Most of the life the Montparnasse quartier is concentrated on boulevard du Montparnasse. The numerous cinemas here – six on the boulevard alone – are almost all of the multi-screen variety, specializing in mass-market French and U.S films. The liveliest point f the boulevard is around Vavin métro, where you’ll find Rodin’s Balzac ruminating over the crossroads, and a cluster of celebrated café’s: the Select, Coupole, Dôme and Rotonde. Their heyday was in the 1910s and 1920s, when artists and poets such as Apollinaire, Chagall, Leger, Modigliani, Picasso and Zadkine rubbed shoulders with exiled revolutionaries, including Lenin and Trotsky, paying a few centimes to occupy tables for hours on end.
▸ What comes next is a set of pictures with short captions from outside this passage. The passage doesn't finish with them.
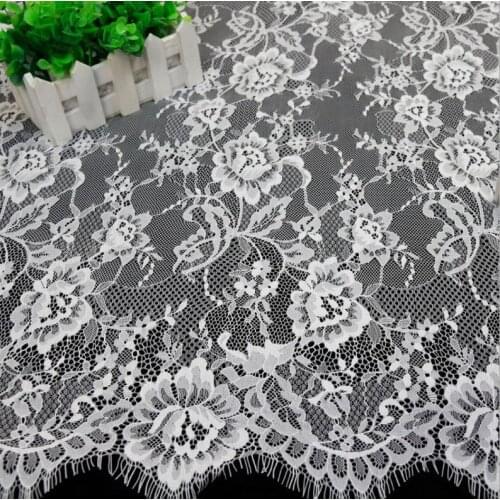 3 Yards Rose Lace Fabric French Chantilly Fabric In Off White/Black for Dress Decor, Bodice, Sexy Underwear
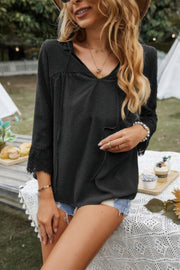 Swiss Dot Lace Splicing Sleeve V Neck Blouse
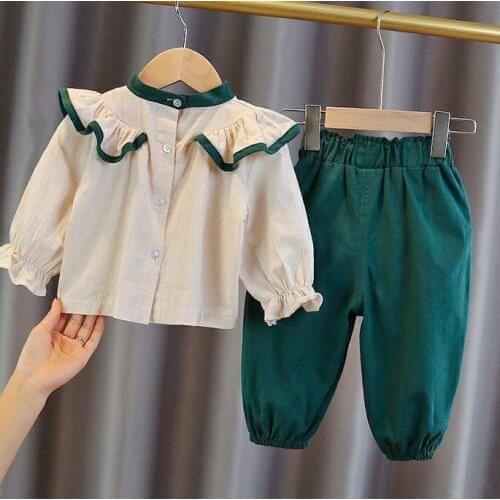 Long Sleeve Shirts and Pants Suit for Kids 2021 Bow Decoration Two Pieces Clothing Set Ruffles Decoration Sets Casual Tracksuit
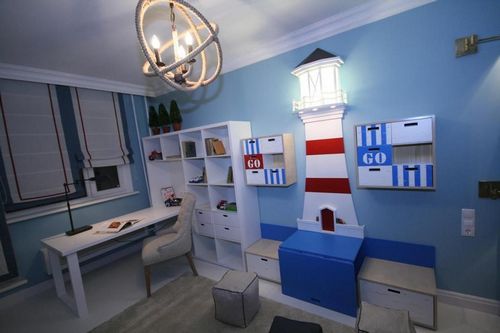 Детская в морском стиле: фото для мальчиков, интерьер комнаты, мебель, декор своими руками, покрывало и декорации по тематике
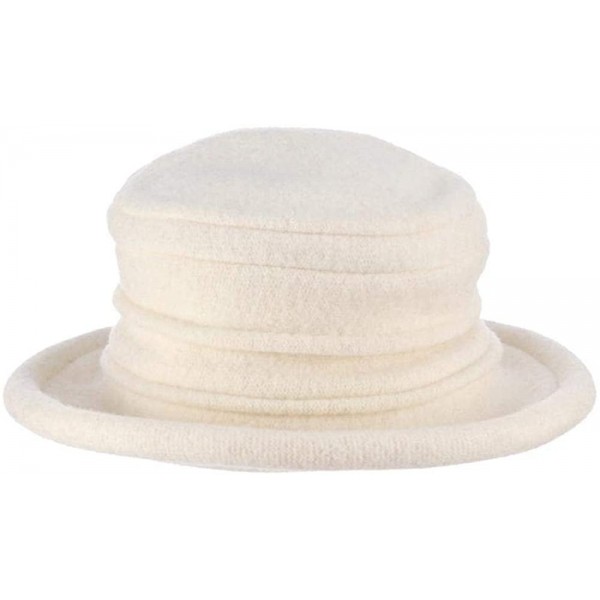 Women's Packable Boiled Wool Cloche - Ivory - C111583NDKF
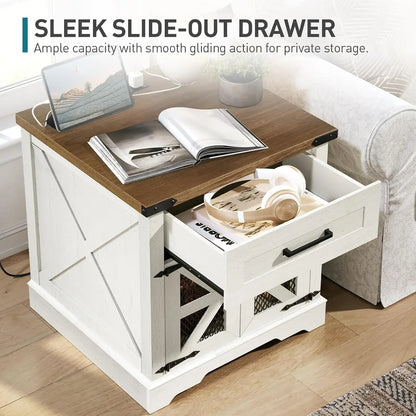 White Farmhouse End Table Set of 2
Even by the 1930s, the fashionable intelligentsias were moving in St-Germain, but the brasseries remain proudly Parisian classics – if no longer Bohemian haunts – and this stretch of the boulevard still stays up late.

Most of the cafés have moved up market, leaving only the Select as a traditional café. The swankiest literary relic by far, however, is the brasserie Closerie des Lilas, which sits on the corner of the three-lined avenue de l’ Observatoire. In the days when it was a cheap café, Hemingway wrote most of The Sun Also Rises here. The café’s most stirring historical association, however, is with Napoleon’s legendarily brave Marshal Ney, whose sword-wielding statue now marks the spot on the pavement where he died at the hands of a royalist firing squad.